Anti-D immunoglobulin prophylaxis is given routinely at 28-30 weeks gestation, within 72 hours following any sensitising events (an incident in which a fetomaternal haemorrhage may have occurred) and within 72 hours of delivery of a D positive baby.
Specimen container paediatric:
6mL K2 EDTA
Specimen container adult:
6mL K2 EDTA
Minimum volume paediatric:
2mL
Minimum volume adult:
6mL
Special requirements:
Test can be ordered via EPR PowerChart and taken with the BloodTrack bedside sample labelling system.
The Trust operates a zero tolerance policy. Deviation from Trust Sample Labelling Policy will result in the sample being rejected and a repeat requested.
Sample stability:
Short term storage: 24 hours at room temperature.
Long term storage: 7 days at 4-6°C
Transport requirements:
Sample should be transported to Laboratory Medicine Reception via GP courier, hospital air-tube system or hand delivered to maintain storage conditions. Samples must not be subjected to extreme hot or cold conditions prior to testing.
Availability:
24/7
Add on test:
Request for issue of anti-D must be discussed directly with the Transfusion laboratory.
RVI: 0191 2824435
Interpretation:
SUITABLE to receive prophylactic anti-D injection: Mother is D negative and DOES NOT have immune anti-D in her plasma after delivery of a D POSITIVE baby. Routine antenatal and postnatal prophylactic anti-D should always be given irrespective of additional anti-D immunoglobulin that may have been given due to a previous sensitising event. FMH estimation is performed to determine if any ADDITIONAL doses of anti-D prophylaxis are required; 1500IU Anti-D i.m is sufficient for up to 12mL FMH.NOT SUITABLE to receive prophylactic Anti-D injection: Mother is D positive Mother is D negative with known immune anti-D in her plasma after delivery of a D negative baby
Factors affecting result:
Anti-D immunoglobulin is not indicated: if the woman declines after discussion of the benefits and risks, if the woman has previously had cFFDNA testing for this particular pregnancy and the result states that the baby is D negative and chooses to decline with this information, if the woman is in labour, the patient is known to be sensitive to anti-D immunoglobulin or any of the products ingredients, the woman is D positive, the woman has immune anti-D.

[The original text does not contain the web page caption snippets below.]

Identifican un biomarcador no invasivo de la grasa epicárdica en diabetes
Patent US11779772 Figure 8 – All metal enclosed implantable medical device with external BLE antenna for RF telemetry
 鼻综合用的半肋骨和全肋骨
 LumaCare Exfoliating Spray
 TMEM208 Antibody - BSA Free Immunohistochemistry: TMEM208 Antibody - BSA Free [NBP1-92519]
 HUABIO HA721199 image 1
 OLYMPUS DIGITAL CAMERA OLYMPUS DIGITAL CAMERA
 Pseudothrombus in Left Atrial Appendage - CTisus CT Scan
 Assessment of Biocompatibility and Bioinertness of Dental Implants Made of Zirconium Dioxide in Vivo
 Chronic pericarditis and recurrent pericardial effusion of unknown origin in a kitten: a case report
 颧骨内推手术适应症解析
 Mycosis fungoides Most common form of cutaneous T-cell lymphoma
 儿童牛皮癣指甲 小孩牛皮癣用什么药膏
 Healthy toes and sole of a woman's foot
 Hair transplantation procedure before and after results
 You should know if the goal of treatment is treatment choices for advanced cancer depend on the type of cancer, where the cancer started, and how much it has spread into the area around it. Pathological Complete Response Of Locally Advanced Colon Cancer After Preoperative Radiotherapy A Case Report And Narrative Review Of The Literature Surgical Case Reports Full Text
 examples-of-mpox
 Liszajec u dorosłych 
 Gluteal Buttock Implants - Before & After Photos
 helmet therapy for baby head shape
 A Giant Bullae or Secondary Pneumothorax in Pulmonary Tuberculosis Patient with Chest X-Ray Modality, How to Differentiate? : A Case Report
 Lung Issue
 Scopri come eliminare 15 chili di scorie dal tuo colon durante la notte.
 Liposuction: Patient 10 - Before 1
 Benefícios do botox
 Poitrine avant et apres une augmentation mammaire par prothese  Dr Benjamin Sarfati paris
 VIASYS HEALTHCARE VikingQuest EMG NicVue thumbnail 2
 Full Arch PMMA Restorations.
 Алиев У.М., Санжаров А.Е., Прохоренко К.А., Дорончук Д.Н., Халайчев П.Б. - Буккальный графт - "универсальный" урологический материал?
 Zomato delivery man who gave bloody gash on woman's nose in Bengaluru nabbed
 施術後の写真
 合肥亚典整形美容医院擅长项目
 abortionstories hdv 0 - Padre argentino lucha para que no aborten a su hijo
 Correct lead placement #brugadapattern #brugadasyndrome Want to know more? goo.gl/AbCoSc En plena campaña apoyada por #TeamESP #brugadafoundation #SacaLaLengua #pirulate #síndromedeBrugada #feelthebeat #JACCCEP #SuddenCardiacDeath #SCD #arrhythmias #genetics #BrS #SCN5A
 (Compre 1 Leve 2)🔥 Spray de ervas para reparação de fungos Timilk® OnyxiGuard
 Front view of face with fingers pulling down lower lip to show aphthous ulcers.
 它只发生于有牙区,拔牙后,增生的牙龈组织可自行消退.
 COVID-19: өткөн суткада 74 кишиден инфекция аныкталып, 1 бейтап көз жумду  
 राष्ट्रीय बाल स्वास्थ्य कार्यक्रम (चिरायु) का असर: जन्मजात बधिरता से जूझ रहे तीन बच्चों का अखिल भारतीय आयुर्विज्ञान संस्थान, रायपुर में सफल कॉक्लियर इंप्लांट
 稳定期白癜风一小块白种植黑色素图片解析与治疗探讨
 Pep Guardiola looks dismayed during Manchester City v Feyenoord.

Please refer to antenatal clinic guidelines for management in this situation.
For Suitability specimens: Insufficient, clotted or haemolysed specimens. Detection of previous prophylactic anti-D injections or other maternal atypical antibodies will require investigation and may extend turnaround times.
Other info:
Rhophylac anti-D injections must be kept refrigerated at 4-6oC.